• **Data for processing**:
++++++++++++++++++++

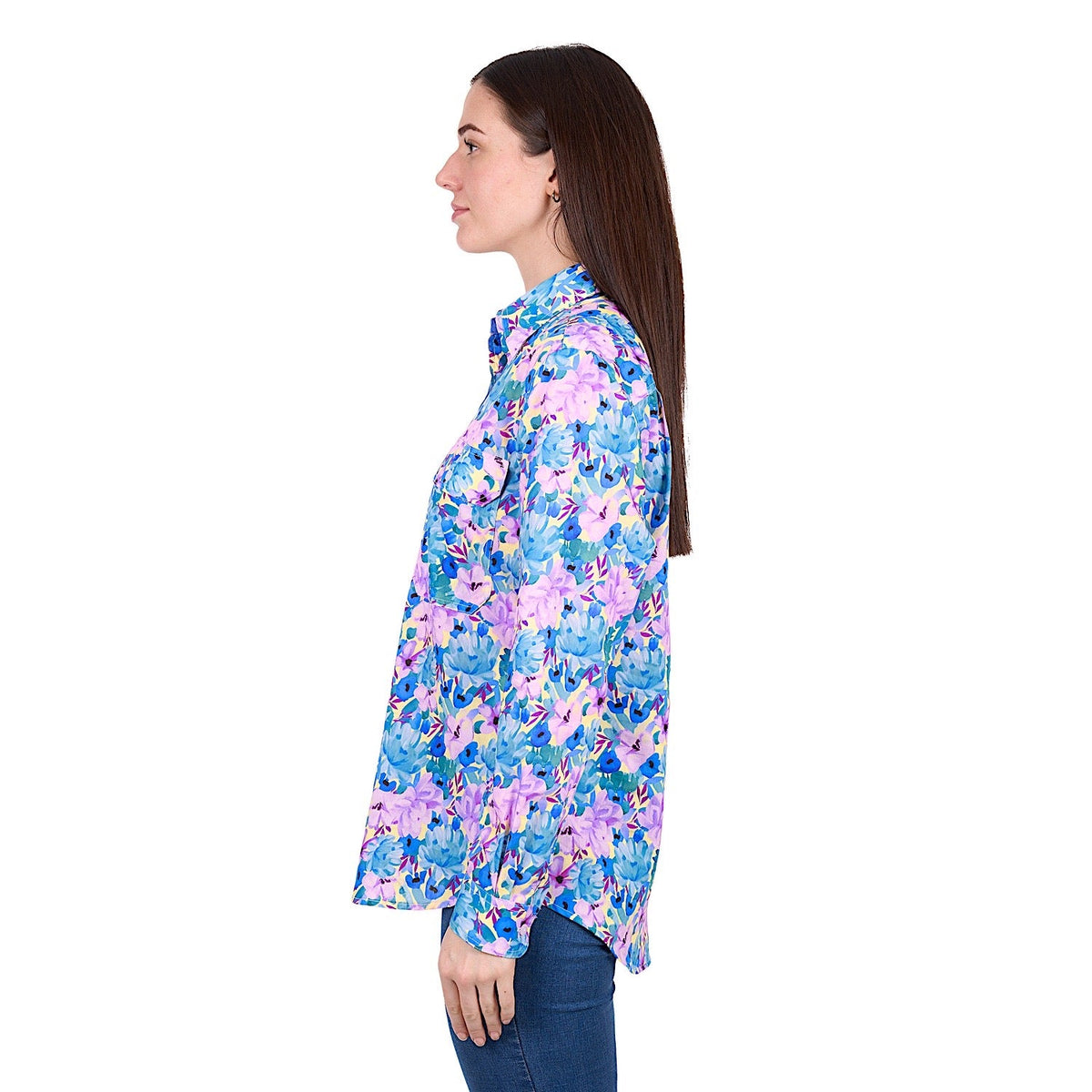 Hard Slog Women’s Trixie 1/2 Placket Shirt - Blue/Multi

++++++++++++++++++++

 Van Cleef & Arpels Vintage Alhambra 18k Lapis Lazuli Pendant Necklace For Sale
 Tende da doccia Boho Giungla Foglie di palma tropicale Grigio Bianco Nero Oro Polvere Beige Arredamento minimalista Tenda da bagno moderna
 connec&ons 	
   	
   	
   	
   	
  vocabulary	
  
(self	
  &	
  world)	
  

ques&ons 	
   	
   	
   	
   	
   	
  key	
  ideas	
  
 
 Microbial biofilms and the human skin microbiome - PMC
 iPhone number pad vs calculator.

++++++++++++++++++++

• **Problem requirements**: Reproduce exactly the lines of the records above from the one with "Microbial biofilms and" to the one with "iPhone number pad vs calculator.", both included, and leave out everything else.

• **Response box**:
 Microbial biofilms and the human skin microbiome - PMC
 iPhone number pad vs calculator.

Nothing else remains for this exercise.